───── Information

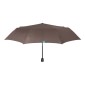 Umbrella Lady Mini 54/8 Man. 3 section round solid color windproof Microfibre καφέ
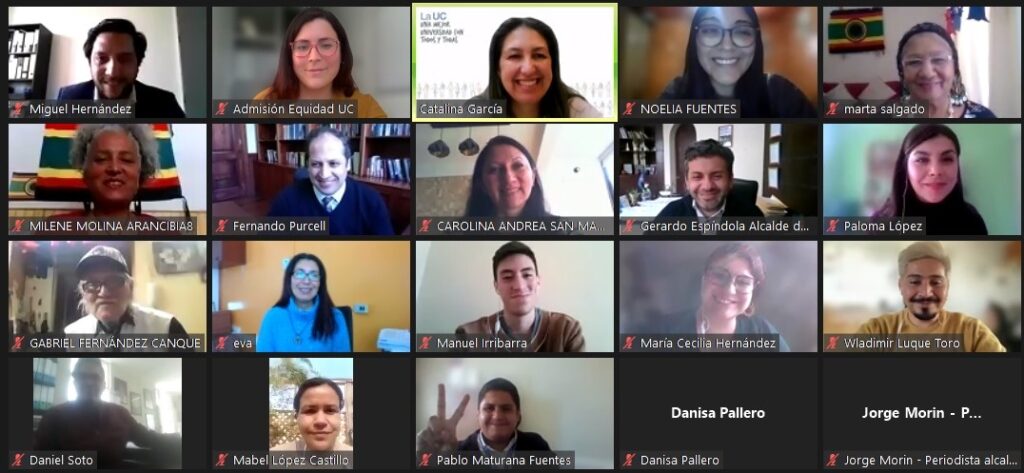 Autoridades y funcionarios de la Universidad Católica, Municipalidad de Arica y la Mesa del Pueblo Afrodescendiente Chileno, reunidas en instancia virtual.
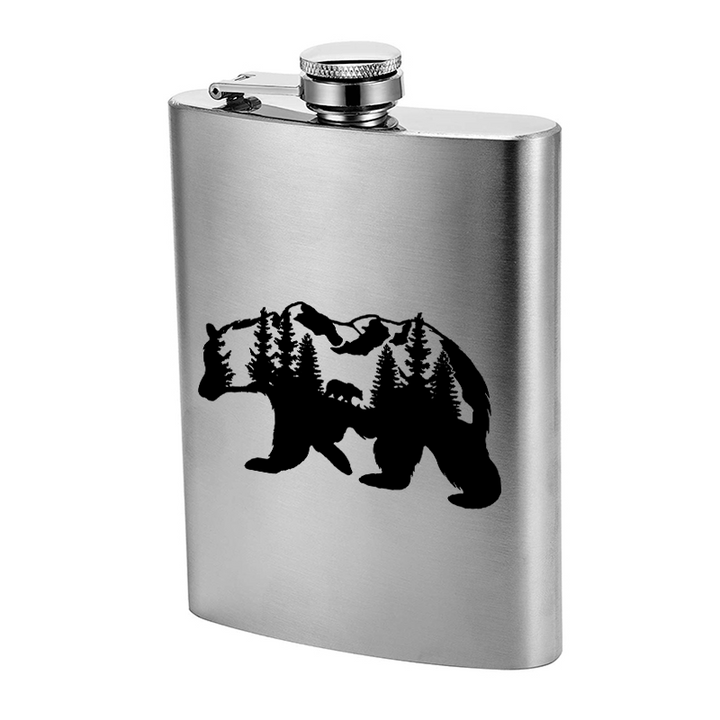 3-8 oz Bear Mountains Laser Pattern Stainless Steel Portable Flask - image 4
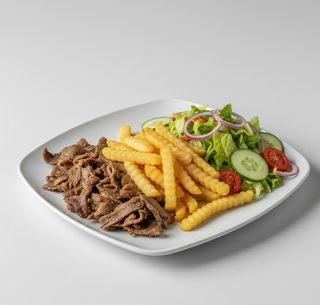 Plato De Shawarma De Carne Con Patatas Fritas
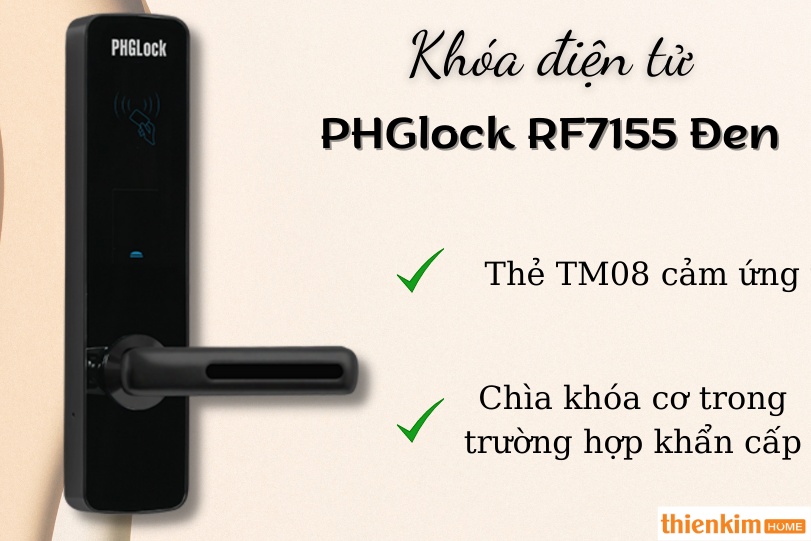 Khóa điện tử PHGlock RF7155 Đen công nghệ thông minh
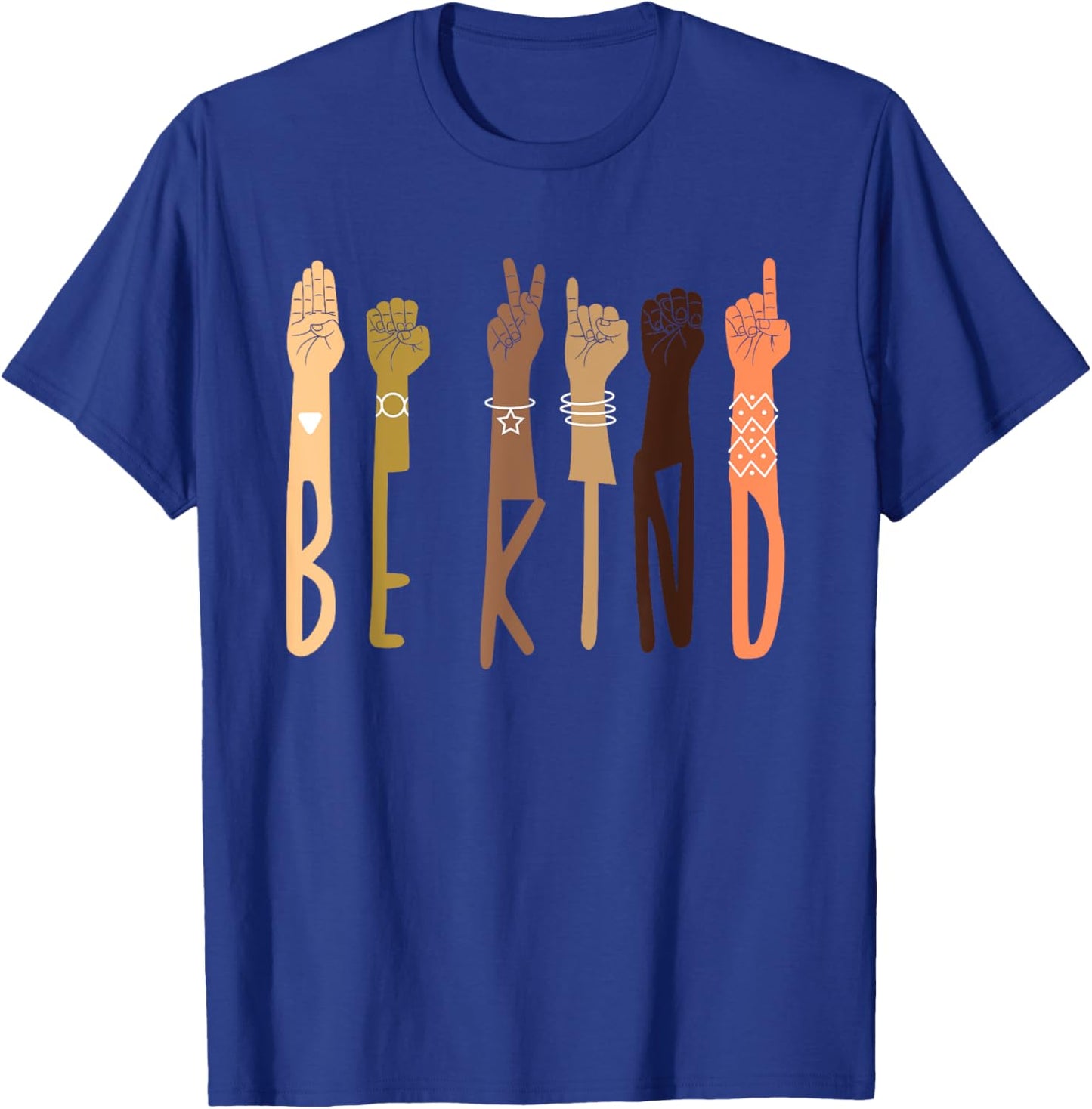 Be Kind Sign Language ASL Teachers Interpreter Funny Gifts Men Women Kids T-Shirt - T-Shirt | Royal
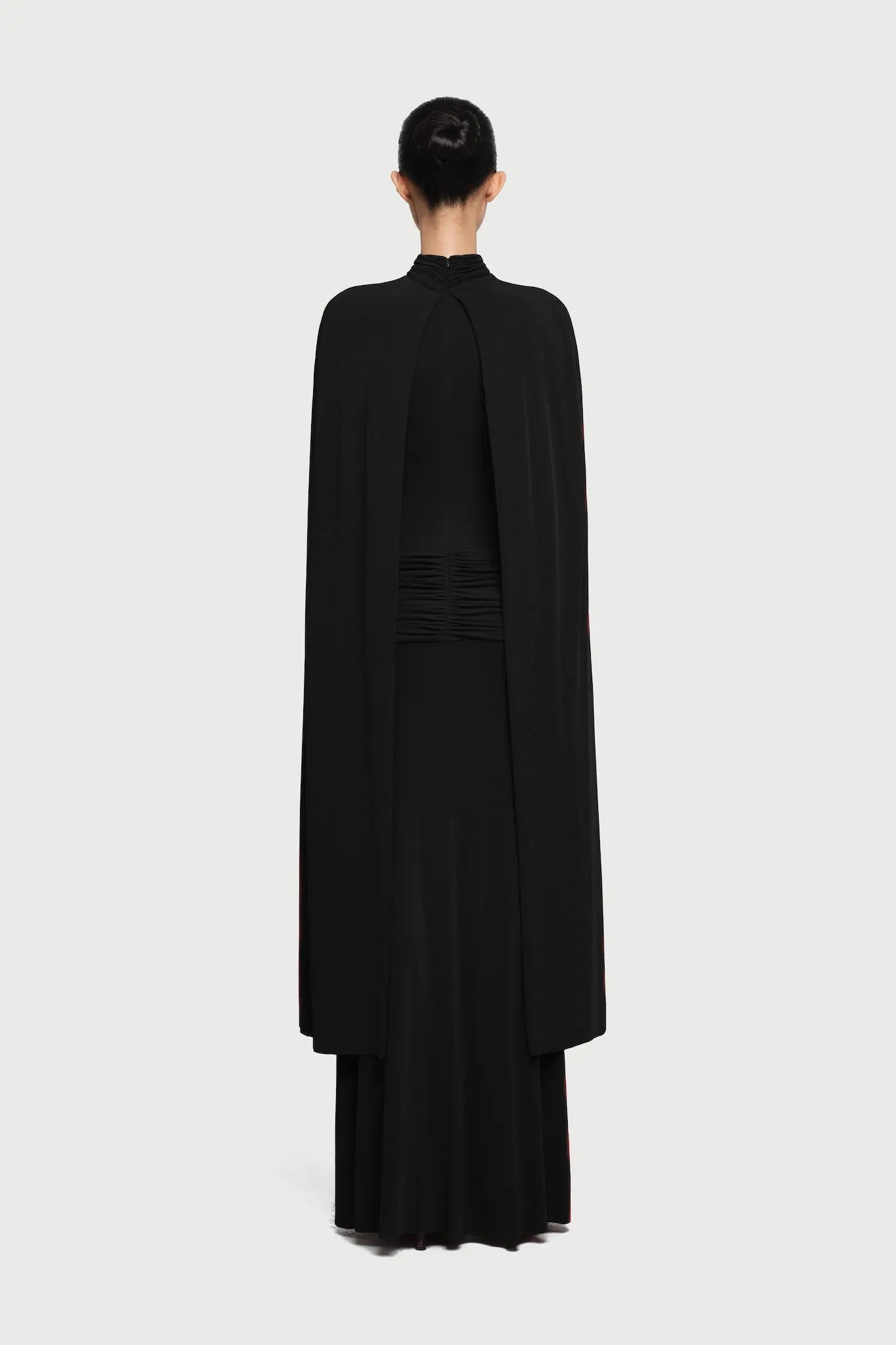 Cape-Sleeve Draped Waist Dress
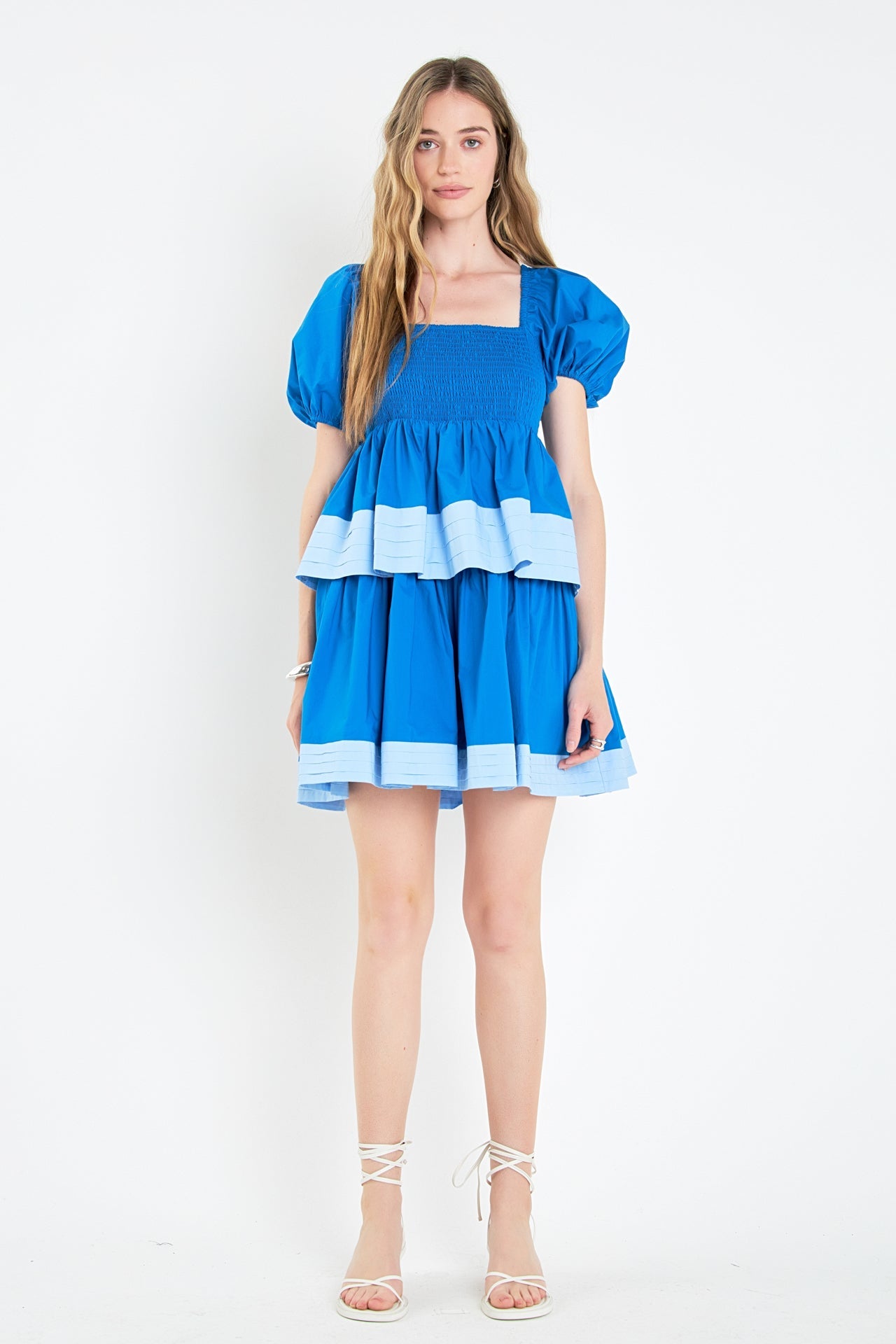ENGLISH FACTORY - Colorblock Smocked Tiered Mini Dress - DRESSES available at Objectrare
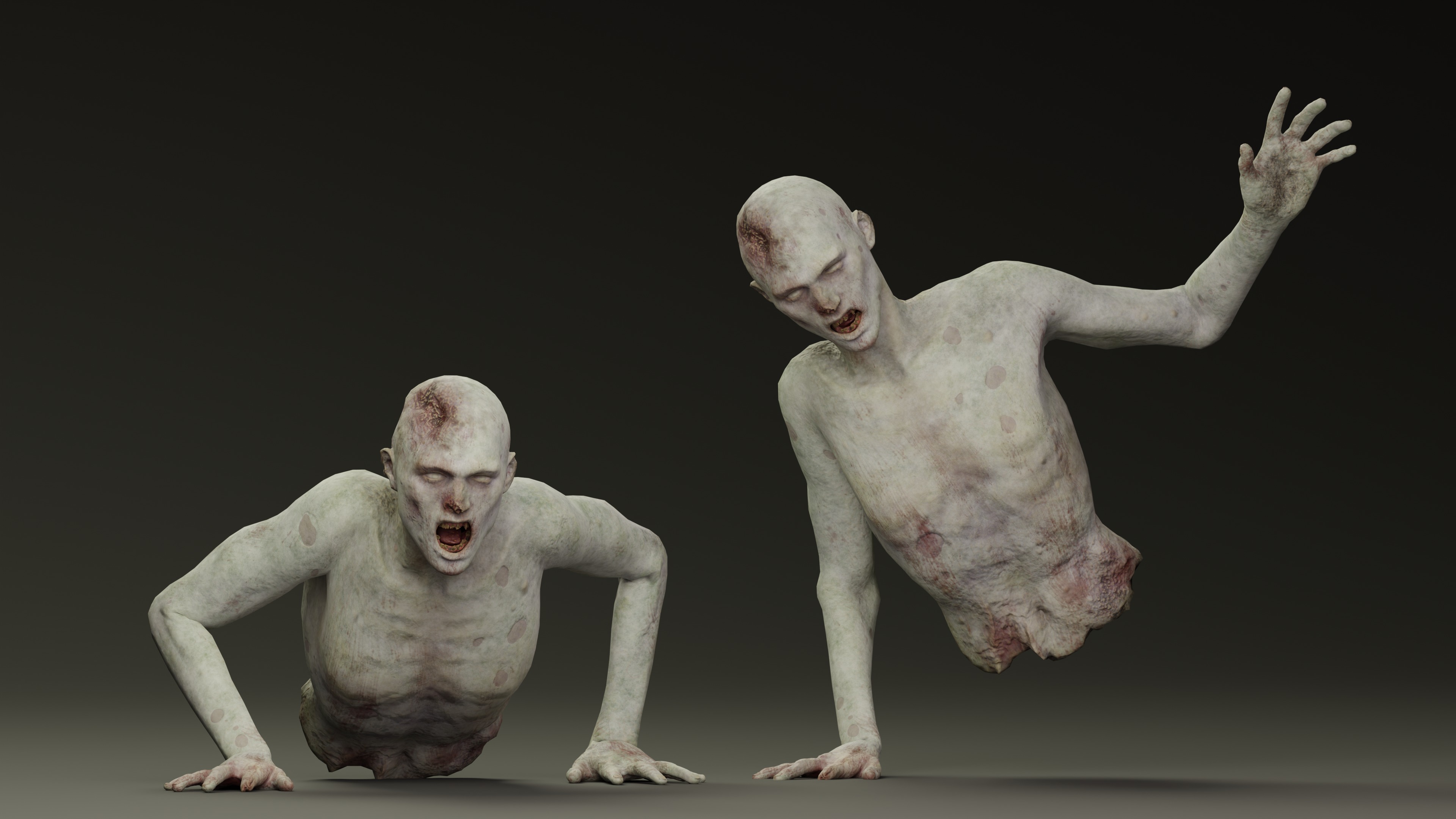 Dismembered Zombie Crawler Low-poly 3D model_7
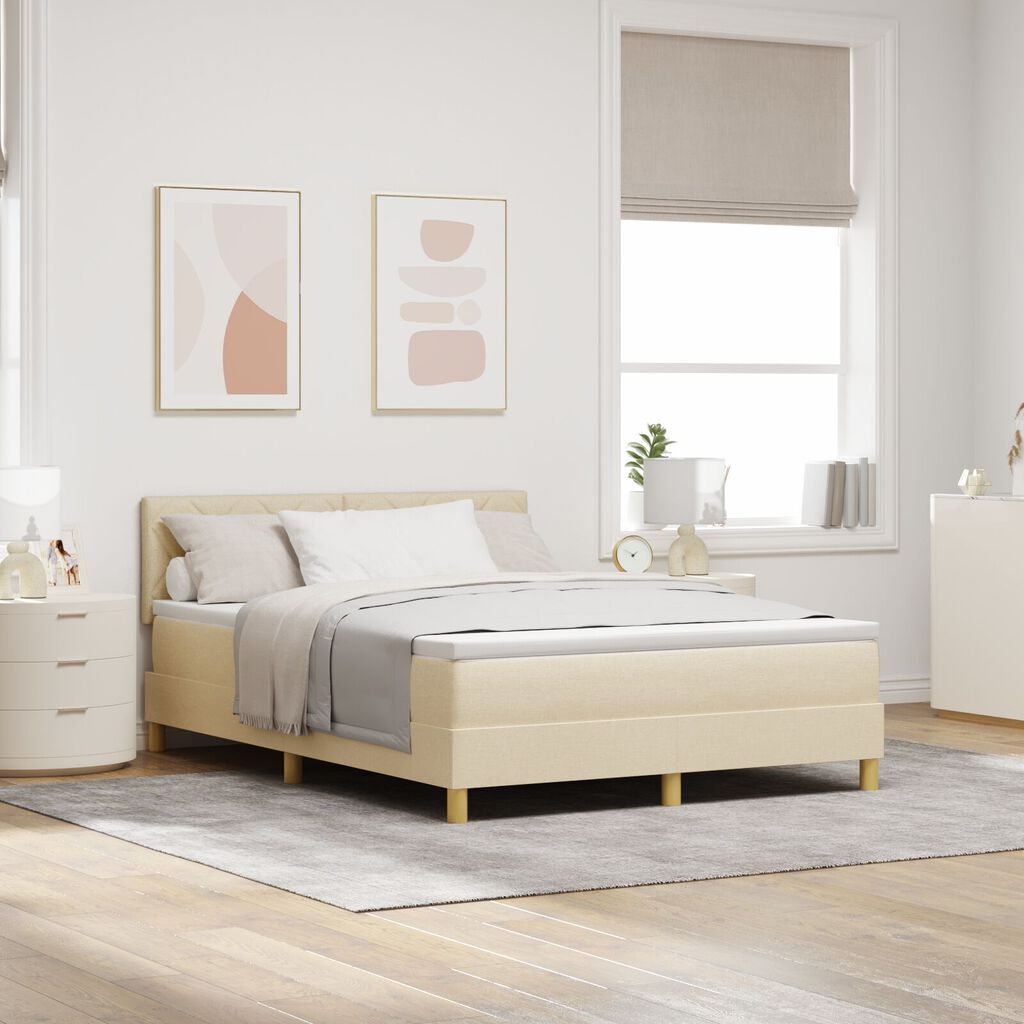 vidaXL Κρεβάτι Βάσης με Στρώμα Κρεμ 160x200 εκ. Ύφασμα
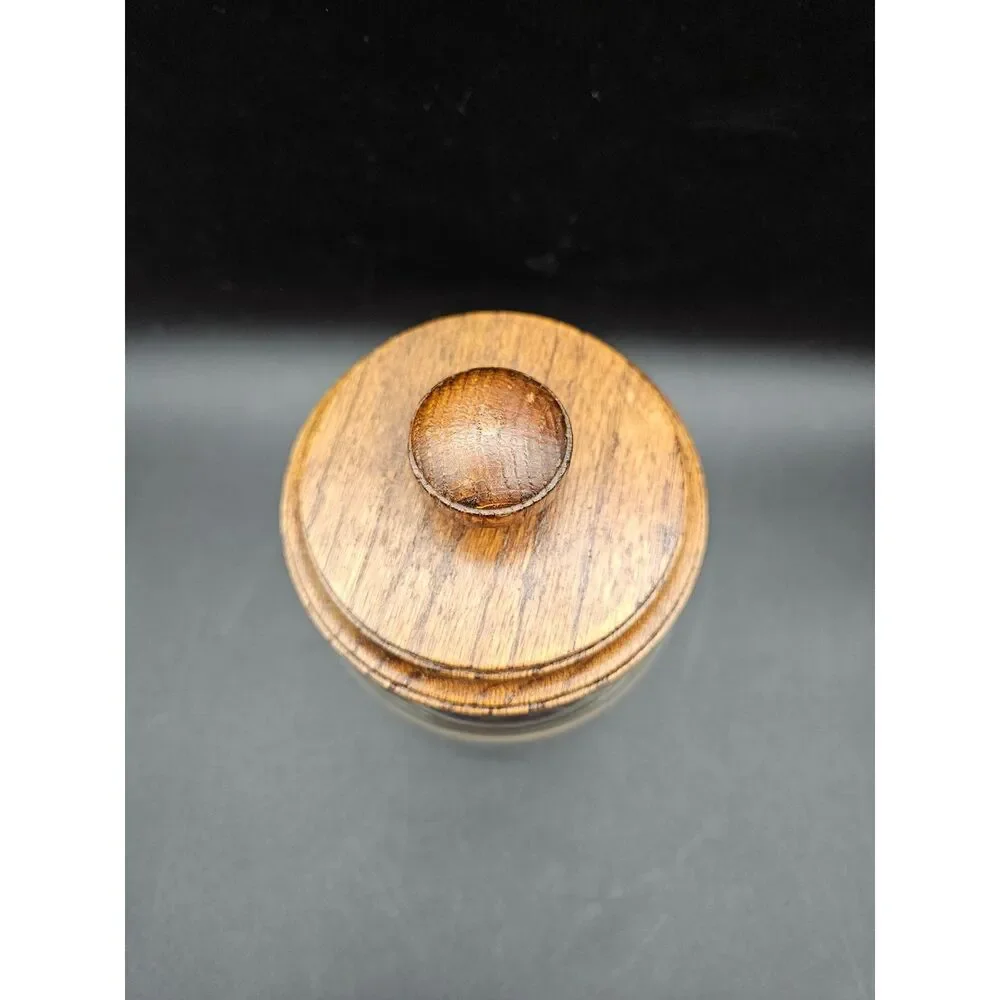 Vintage Olde Thompson Handy Stuff Glass Jar Canister w/ Wooden Lid Rare HTF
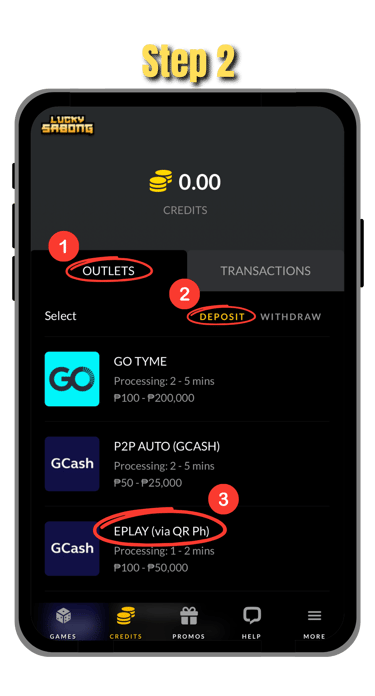 step 2 of how to cash in at phsabong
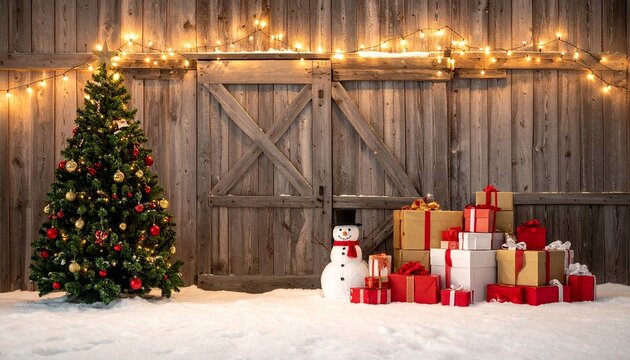 This photograph captures a festive holiday scene featuring a rustic wooden barn with a large, weathered wooden door in the background. A lush, green Christmas tree adorned with red and gold ornaments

──────────

Everything in the records above should be retyped exactly except the pictures.

 Umbrella Lady Mini 54/8 Man. 3 section round solid color windproof Microfibre καφέ
 Autoridades y funcionarios de la Universidad Católica, Municipalidad de Arica y la Mesa del Pueblo Afrodescendiente Chileno, reunidas en instancia virtual.
 3-8 oz Bear Mountains Laser Pattern Stainless Steel Portable Flask - image 4
 Plato De Shawarma De Carne Con Patatas Fritas
 Khóa điện tử PHGlock RF7155 Đen công nghệ thông minh
 Be Kind Sign Language ASL Teachers Interpreter Funny Gifts Men Women Kids T-Shirt - T-Shirt | Royal
 Cape-Sleeve Draped Waist Dress
ENGLISH FACTORY - Colorblock Smocked Tiered Mini Dress - DRESSES available at Objectrare
 Dismembered Zombie Crawler Low-poly 3D model_7
 vidaXL Κρεβάτι Βάσης με Στρώμα Κρεμ 160x200 εκ. Ύφασμα
 Vintage Olde Thompson Handy Stuff Glass Jar Canister w/ Wooden Lid Rare HTF
 step 2 of how to cash in at phsabong
 This photograph captures a festive holiday scene featuring a rustic wooden barn with a large, weathered wooden door in the background. A lush, green Christmas tree adorned with red and gold ornaments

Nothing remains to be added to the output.